I'm super sleepy and have work in the morning but luckily last night I was too sleepy to put up the introductory blogpost to this year's spooky short story, so I'll do that today and tomorrow finish off editing the story itself and everything, get it into publishing shape (it's already basically written.) Just, push it all back a day.
It's called Dream Journal. Here's the part where I tell you what inspired it: it basically happened to me for real, except for the scary bits, which didn't happen to me; the rest of it however caused me to think "oh, you know what would be scary here?"
The idea of a dream journal is something that I have mixed feelings about; a lot of my best ideas come straight from dreams, but as I've, just gonna fudge it and say "matured as an artist" or some b.s., matured as a thinker, I've grown less enamored of the idea that your sleep can be something productive for you. Not everything needs to be productive, and once you start viewing things under those terms there's virtually no way of going back.
Neoliberalism, the defining ideology of everyday life, is an all-encompassing machine under which absolutely everything is commodified, even art. Even, getting back to the topic of sleep and resting, taking a break from the system is a commodity: taking a break, after all, makes you a more productive worker. And getting back to dreams, not to spoil the story or anything: as an artist, your dreams can fuel your art which can fuel your "brand." It's a horrifying miserable way of looking at the world.

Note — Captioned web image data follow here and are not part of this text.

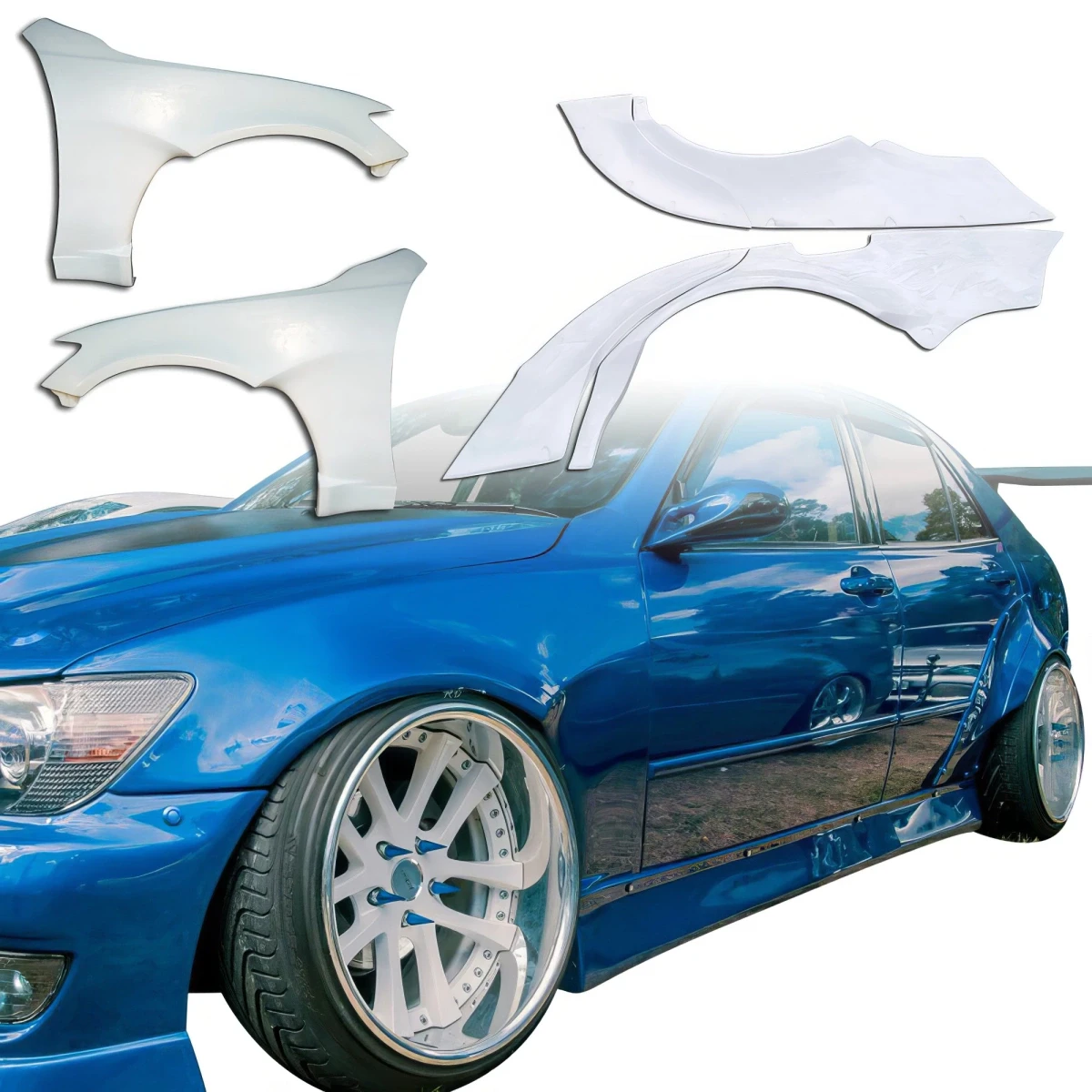 FRP MSV Wide Body 30/65 Fender Flare Set 8pc > Lexus IS300 2000-2005> 4dr - 120160
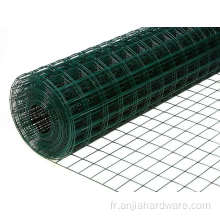 Bonne clôture en maille d&#39;onde de revêtement en plastique anti-corrosion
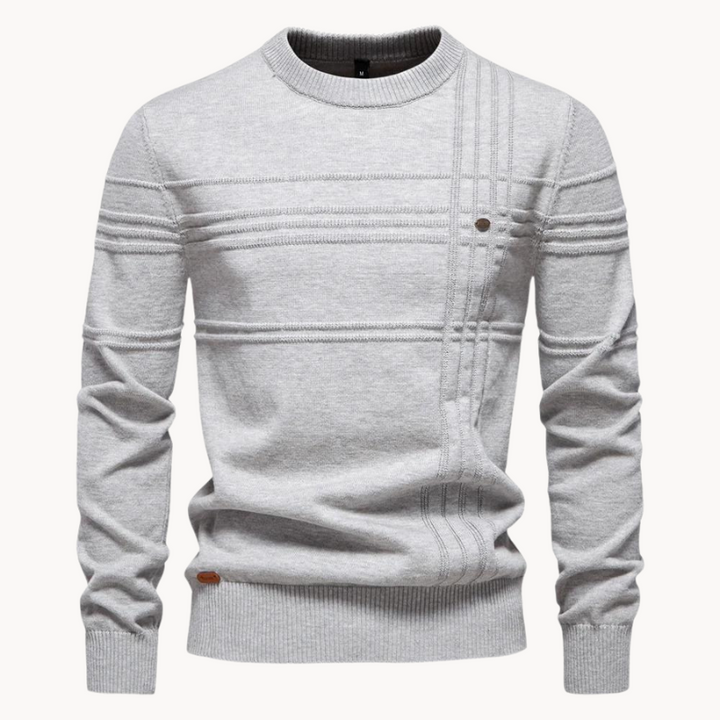 Axis Line Crew Knit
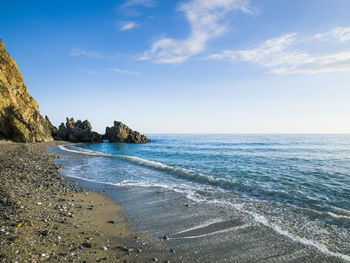 Cliff of maro-cerro gordo in nerja, malaga, spain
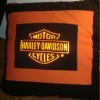 Harley Davidson T-shirt Pillow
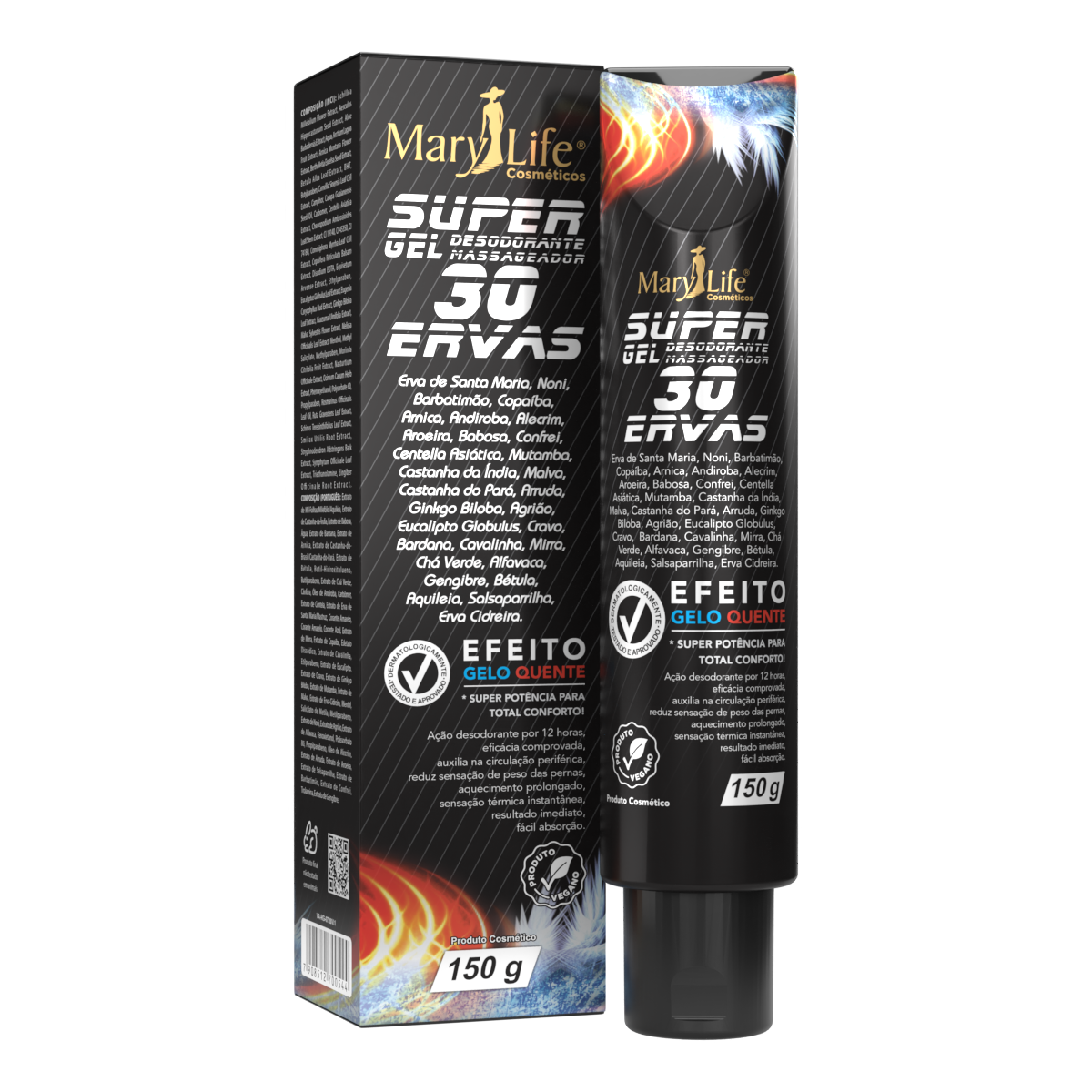 GEL SUPER GEL 30 ERVAS 150G MARY LIFE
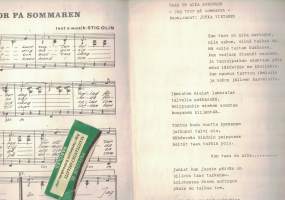 Jag tror på sommaren - Taas on aika auringon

Not that it's bad to dream, or be inspired, or to make art. Even compromised art is better than no art; there's no such thing as uncompromised art (but that's a separate discussion.)
That's all background radiation, though. Neoliberalism isn't the monster in Dream Journal, not really. After all, the scariest stories aren't the ones in which the protagonist is hopeless before the monster. The scariest stories are the ones in which the protagonist has agency, but it's deeply ambiguous what the best course of action is with that agency, in the face of monstrousness.